Caregivers need to know the answer to when question in order to call out-of-town family and friends. To make arrangements for, you know what. To have the answer to the "when" question would be helpful in making future planning, but, in truth, no person can tell anyone the correct answer.

When the whys of a patient or caregiver turn to the question of when, there is no answer that will be truthful and comfortable. The dying process does not pay any attention to one's need for an answer. The body may go on automatic into a low running mode and only it knows for sure when it will come to its journey's end. That tired body will not attempt to inform the soul that it chooses to linger.

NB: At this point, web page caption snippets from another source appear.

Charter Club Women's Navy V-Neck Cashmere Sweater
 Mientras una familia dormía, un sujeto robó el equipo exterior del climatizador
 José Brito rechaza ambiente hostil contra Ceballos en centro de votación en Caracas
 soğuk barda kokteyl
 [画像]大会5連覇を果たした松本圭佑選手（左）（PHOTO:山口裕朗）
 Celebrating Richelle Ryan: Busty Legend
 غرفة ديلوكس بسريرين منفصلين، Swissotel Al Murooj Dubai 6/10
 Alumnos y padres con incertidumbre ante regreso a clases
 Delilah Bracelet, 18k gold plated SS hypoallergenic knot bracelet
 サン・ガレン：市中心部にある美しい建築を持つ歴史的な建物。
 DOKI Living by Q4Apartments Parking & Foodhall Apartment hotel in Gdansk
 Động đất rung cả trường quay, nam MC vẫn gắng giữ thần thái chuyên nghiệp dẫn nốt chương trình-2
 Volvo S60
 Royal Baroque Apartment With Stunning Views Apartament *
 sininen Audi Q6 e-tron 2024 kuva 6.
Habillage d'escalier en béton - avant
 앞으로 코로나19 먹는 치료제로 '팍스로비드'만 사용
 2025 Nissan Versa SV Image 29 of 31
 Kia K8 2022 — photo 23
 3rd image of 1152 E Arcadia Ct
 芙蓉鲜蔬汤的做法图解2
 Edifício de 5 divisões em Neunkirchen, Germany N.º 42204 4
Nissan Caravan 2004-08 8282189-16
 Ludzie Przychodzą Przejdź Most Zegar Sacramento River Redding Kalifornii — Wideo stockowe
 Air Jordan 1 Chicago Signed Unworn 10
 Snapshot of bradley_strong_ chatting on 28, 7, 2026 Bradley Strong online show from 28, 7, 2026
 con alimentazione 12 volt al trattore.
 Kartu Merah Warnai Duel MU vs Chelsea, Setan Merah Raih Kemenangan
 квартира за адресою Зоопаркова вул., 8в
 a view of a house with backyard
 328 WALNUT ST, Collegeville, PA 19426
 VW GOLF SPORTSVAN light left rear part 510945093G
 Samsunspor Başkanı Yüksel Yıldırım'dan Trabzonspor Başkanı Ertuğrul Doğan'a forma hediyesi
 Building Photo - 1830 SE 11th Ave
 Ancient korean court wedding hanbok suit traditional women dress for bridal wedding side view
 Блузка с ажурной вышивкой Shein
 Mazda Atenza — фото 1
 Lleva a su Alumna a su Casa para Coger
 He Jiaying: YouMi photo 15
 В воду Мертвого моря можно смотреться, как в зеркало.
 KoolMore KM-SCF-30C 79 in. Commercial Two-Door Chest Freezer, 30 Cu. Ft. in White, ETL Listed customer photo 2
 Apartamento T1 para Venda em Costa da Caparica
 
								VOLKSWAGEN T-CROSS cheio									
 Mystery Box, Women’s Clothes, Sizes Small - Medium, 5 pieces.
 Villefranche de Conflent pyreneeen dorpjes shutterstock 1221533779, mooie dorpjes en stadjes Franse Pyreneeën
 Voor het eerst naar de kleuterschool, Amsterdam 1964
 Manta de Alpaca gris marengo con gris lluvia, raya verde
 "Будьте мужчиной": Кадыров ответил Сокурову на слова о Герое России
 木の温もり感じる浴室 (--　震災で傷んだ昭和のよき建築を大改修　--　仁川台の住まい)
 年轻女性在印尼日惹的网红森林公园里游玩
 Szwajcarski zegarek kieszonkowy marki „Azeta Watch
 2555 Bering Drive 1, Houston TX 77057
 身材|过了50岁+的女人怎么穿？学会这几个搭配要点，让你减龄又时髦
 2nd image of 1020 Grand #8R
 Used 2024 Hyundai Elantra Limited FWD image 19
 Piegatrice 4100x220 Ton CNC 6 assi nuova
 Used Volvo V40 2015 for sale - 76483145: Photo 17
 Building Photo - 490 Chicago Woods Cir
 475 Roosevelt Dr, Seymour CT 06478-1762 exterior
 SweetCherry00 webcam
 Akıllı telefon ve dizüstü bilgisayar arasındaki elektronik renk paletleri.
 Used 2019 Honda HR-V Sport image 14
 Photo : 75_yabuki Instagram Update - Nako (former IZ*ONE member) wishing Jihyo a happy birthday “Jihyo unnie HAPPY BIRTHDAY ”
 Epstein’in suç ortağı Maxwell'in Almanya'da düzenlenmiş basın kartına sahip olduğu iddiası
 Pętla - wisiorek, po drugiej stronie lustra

When why turns to when, a lesson can be learned. Death, like life, has its own timetable for whatever reason. Those who ask "when" are voicing the mystery of life. The elusive answer will only come at the last breath when one takes those final steps out of the Dark Shadows of the Valley of Death into the Eternity of Light.

1 comment:

Anonymous said...

My oldest first cousin died this year at the age of 65; he died too soon. He worked hard all his life for himself, his wife, and their two daughters. His work took him away from his family for many long, long stretches of time. He retired about 5-6 years ago. He lived to see the births of his four grandchildren, and to leave a definite memory of him in their minds. He knew he was dying, but told no one. He was use to keeping things hidden as he had worked as an FBI agent. I remember him saying to me not so long ago, "I did almost everything I wanted to do in life, and it has been an exciting life." He was in the midst of writing his memoirs about his work when he died. In looking back, the only hint of something amiss was his more frequent phone calls to chat. I wish I had taken more time to chat with him, learn more about him, appreciate him and his life's lessons more, and to express to him my love. Life is fleeting; don't wait to tell others you care about them.

Thank you, Tony, for sharing your dad's book with us. I'll be coming back to read subsequent chapters.